Task statement: Skip pictures in the listing below; copy exactly the lines from the one with "Example ivory and" through the one with "SAN JUAN CAPISTRANO, CALIFORNIA", inclusive.

*** Opening Data in this exercise ***

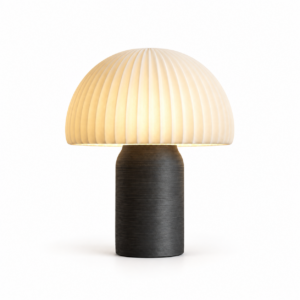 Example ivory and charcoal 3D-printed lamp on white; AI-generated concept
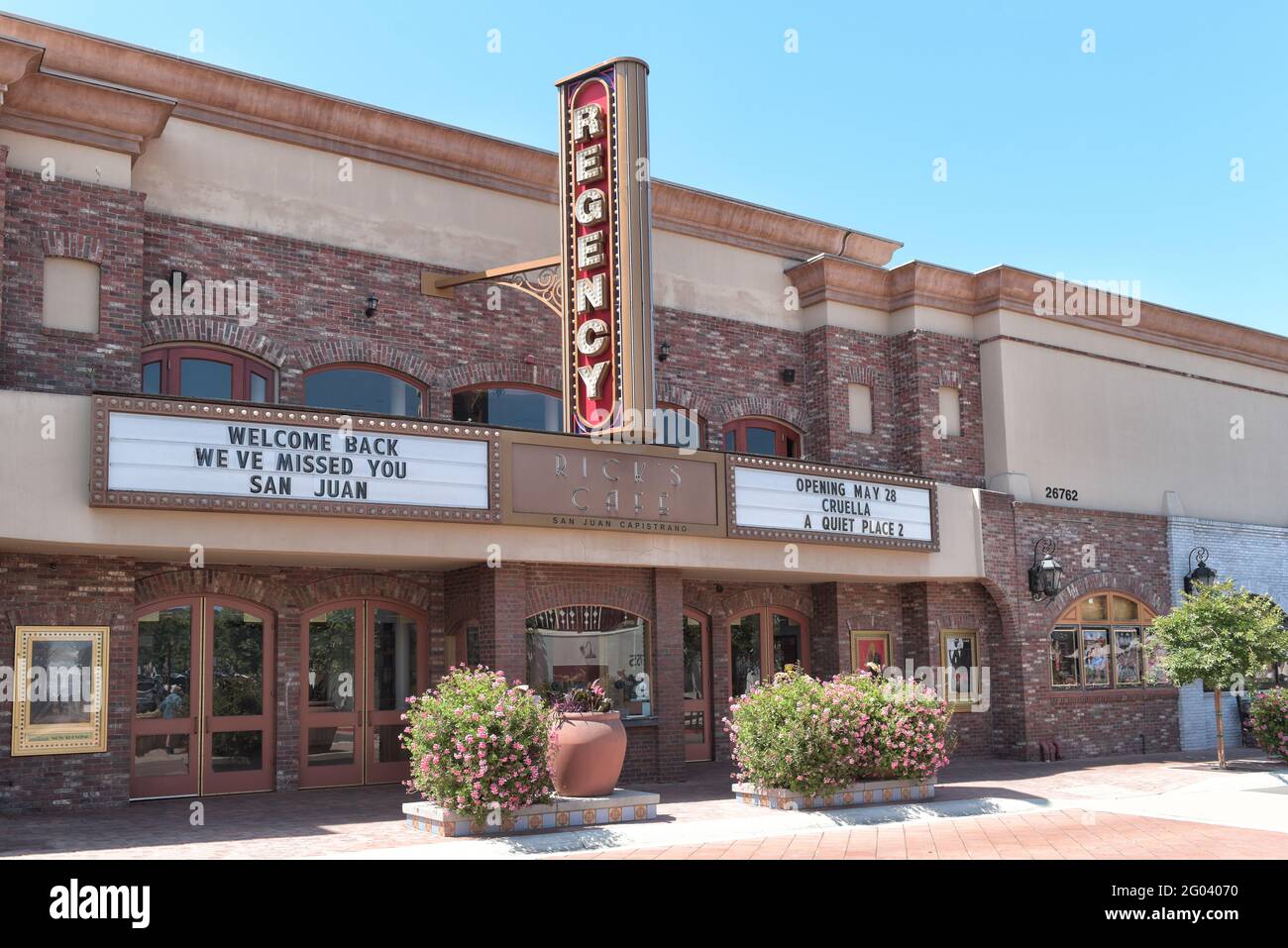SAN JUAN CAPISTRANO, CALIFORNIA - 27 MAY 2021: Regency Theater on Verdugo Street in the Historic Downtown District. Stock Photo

*** Closing Data in this exercise ***
*** Opening Data in this exercise ***

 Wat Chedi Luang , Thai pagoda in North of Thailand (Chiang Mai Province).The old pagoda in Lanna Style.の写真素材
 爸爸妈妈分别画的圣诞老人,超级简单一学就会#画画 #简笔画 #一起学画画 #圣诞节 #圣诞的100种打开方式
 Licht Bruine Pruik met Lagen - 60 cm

*** Closing Data in this exercise ***

Task answer:
 Example ivory and charcoal 3D-printed lamp on white; AI-generated concept
SAN JUAN CAPISTRANO, CALIFORNIA - 27 MAY 2021: Regency Theater on Verdugo Street in the Historic Downtown District. Stock Photo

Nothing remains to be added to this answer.